Wake and suppression of flow-induced vibration of a circular cylinder

Abstract

This experimental study examines the wake flow and the flow-induced vibration of an elastically supported circular cylinder (referred to as test cylinder, of diameter D), and then the suppression of the flow-induced vibration by a control cylinder (of diameter 0.5D) installed behind the circular test cylinder is investigated at Reynolds number Re = 1.4 × 104–3.2 × 104 corresponding to the reduced velocity Ur = 0.4–22. The streamwise and lateral separations of the control cylinder from the test cylinder center are varied as 0.2D - 1.1D and 0 - 1.7D, respectively. The vortex trail encompassing the vortex generation to the disappearance in the wake of the test cylinder is identified by means of wake energy distributions obtained from power spectra of fluctuating streamwise velocities. Based on the energy distributions, the control cylinder positions are determined to suppress the flow-induced vibration. The process of vortex ‘Generation → Growth → Disappearance’ in the wake of a vibrating cylinder occurs closer to the cylinder compared to that of a non-vibrating cylinder. The lateral separation between the two rows of vortices for a vibrating cylinder is found to be smaller.

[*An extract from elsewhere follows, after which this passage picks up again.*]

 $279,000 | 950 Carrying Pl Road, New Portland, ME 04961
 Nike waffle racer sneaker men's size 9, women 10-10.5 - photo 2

The controlled vibration responses of the cylinder are classified into four patterns (I, II, III, and IV) depending on the control cylinder position. Patterns I and II, both self-limited amplitude vibrations, are characterized by the occurrence of vibrations at a smaller and a larger Ur, respectively, compared to the non-controlled counterpart. Pattern III represents an increasing vibration amplitude with an increase in Ur, resembling a galloping vibration. Pattern IV features vibration suppression resulting from the suppression of the Karman street in the wake. This regime is divided into two subregimes, IV-A and IV-B. While the interaction between the gap flow and freestream side shear layer of the test cylinder succeeds in the suppression of the Karman street in pattern IV-A, that between the gap shear layer and the control cylinder gives rise to the suppression of the Karman street in pattern IV-B.